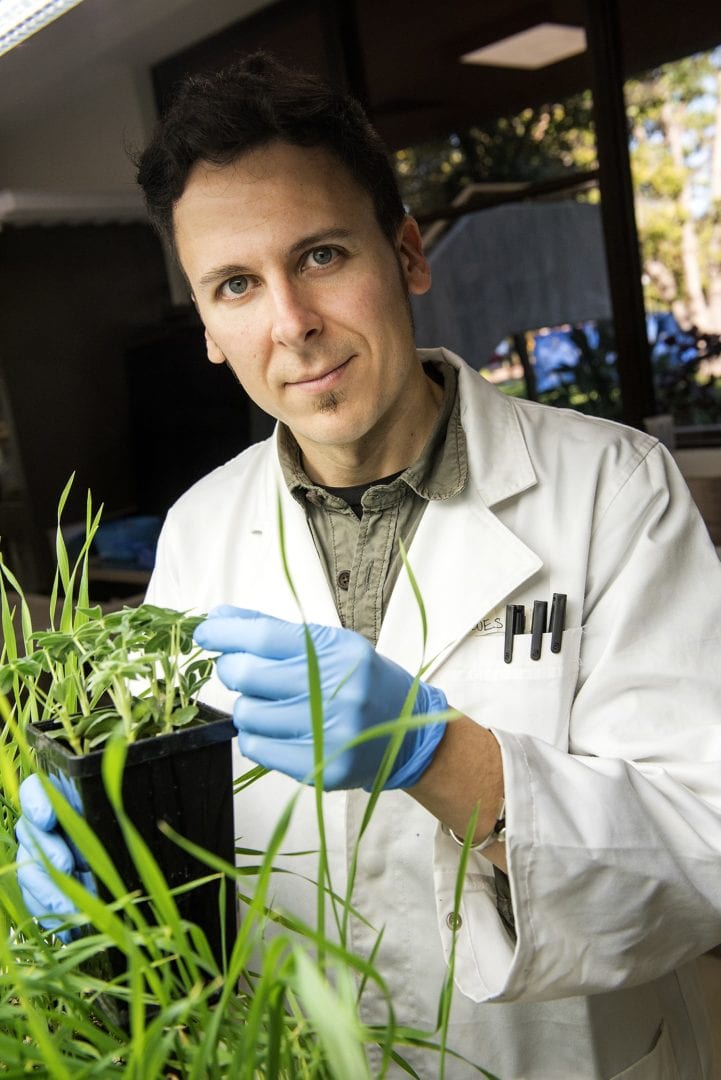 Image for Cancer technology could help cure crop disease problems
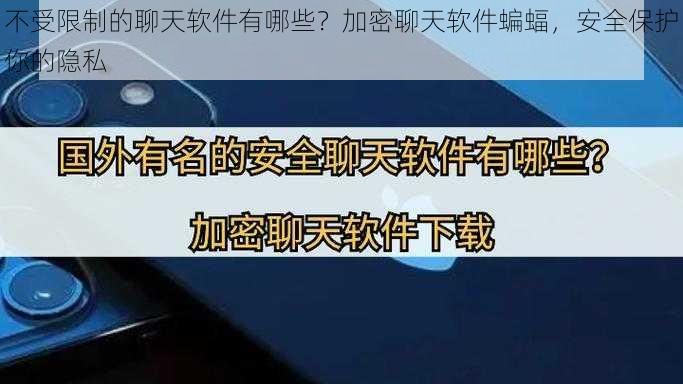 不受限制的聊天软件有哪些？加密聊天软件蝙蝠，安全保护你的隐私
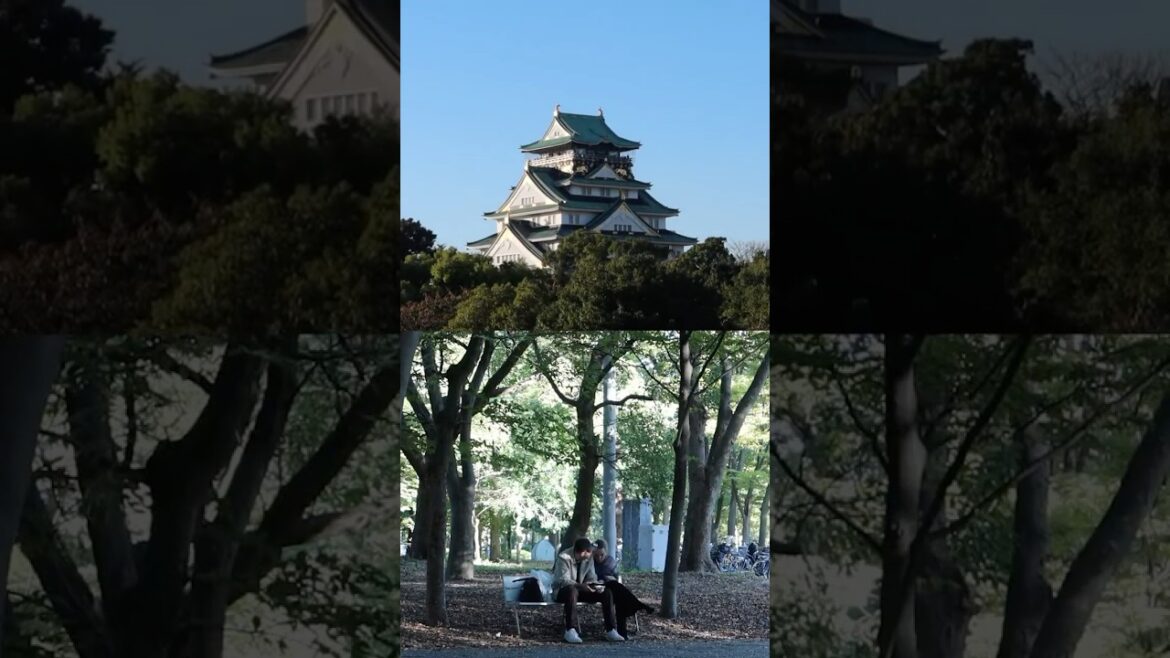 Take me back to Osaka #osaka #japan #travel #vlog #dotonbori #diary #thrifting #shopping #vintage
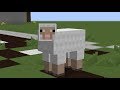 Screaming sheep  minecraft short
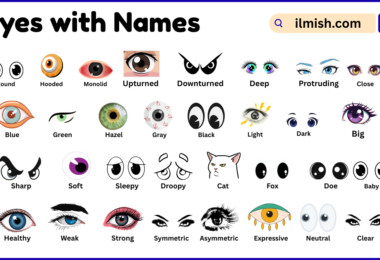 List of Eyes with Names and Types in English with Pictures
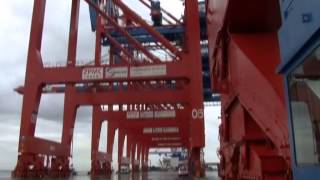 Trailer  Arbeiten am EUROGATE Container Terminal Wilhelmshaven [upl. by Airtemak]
_ _ _
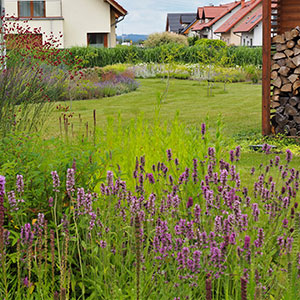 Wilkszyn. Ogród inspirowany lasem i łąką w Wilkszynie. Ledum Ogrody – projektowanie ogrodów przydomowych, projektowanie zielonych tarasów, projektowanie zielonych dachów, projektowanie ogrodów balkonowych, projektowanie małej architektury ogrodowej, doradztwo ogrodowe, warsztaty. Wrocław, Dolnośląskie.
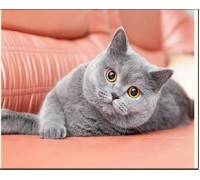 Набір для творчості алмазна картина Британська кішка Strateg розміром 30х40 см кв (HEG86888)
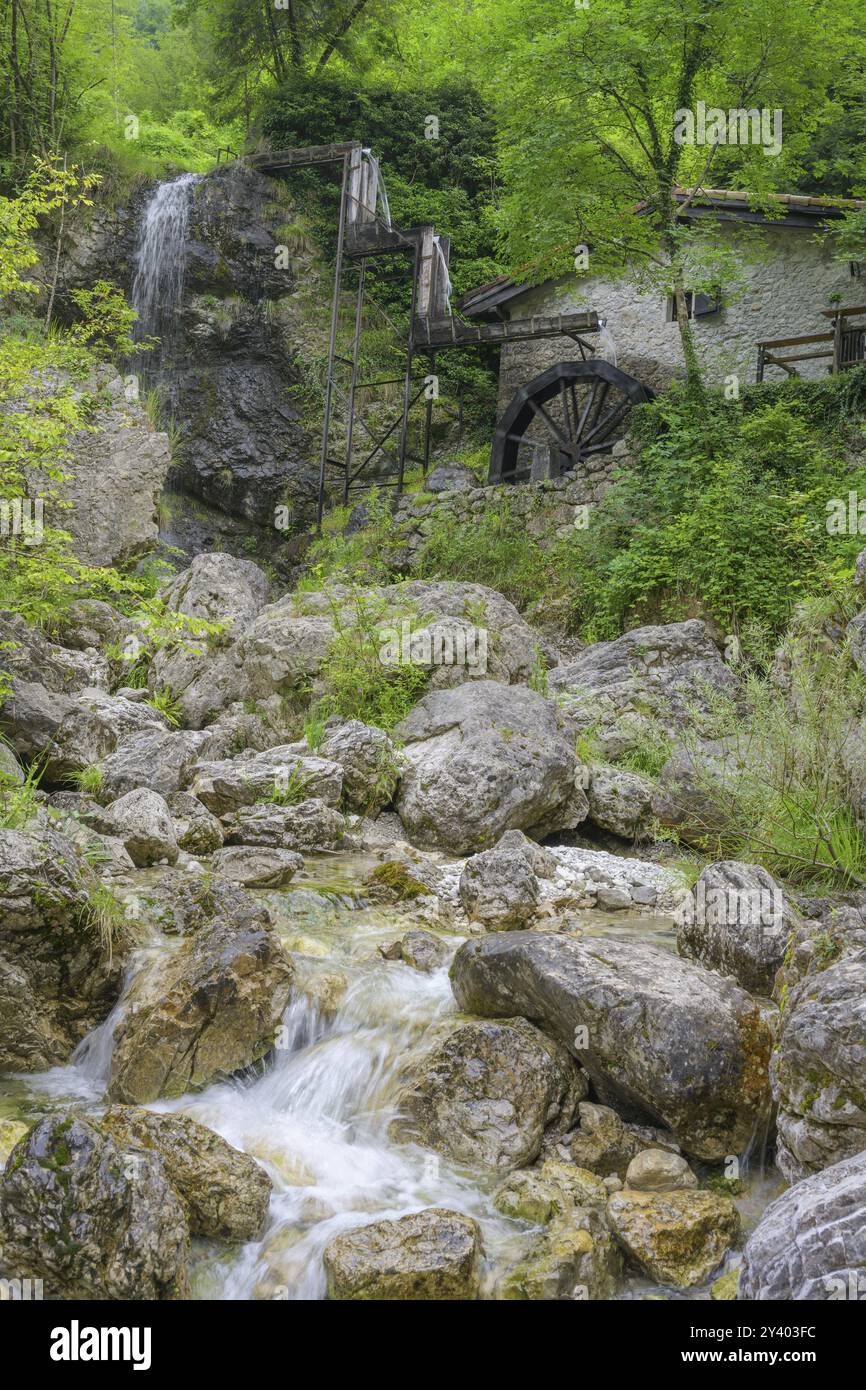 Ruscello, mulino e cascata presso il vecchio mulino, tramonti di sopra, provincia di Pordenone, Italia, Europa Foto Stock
_ _ _
In the listing above, find the line with "Image for Cancer" and the line with "List of Eyes". Copy exactly those lines and all between them, minus the images.

#### SOLUTION:
 Image for Cancer technology could help cure crop disease problems
 不受限制的聊天软件有哪些？加密聊天软件蝙蝠，安全保护你的隐私
 Take me back to Osaka #osaka #japan #travel #vlog #dotonbori #diary #thrifting #shopping #vintage
 Screaming sheep  minecraft short
 List of Eyes with Names and Types in English with Pictures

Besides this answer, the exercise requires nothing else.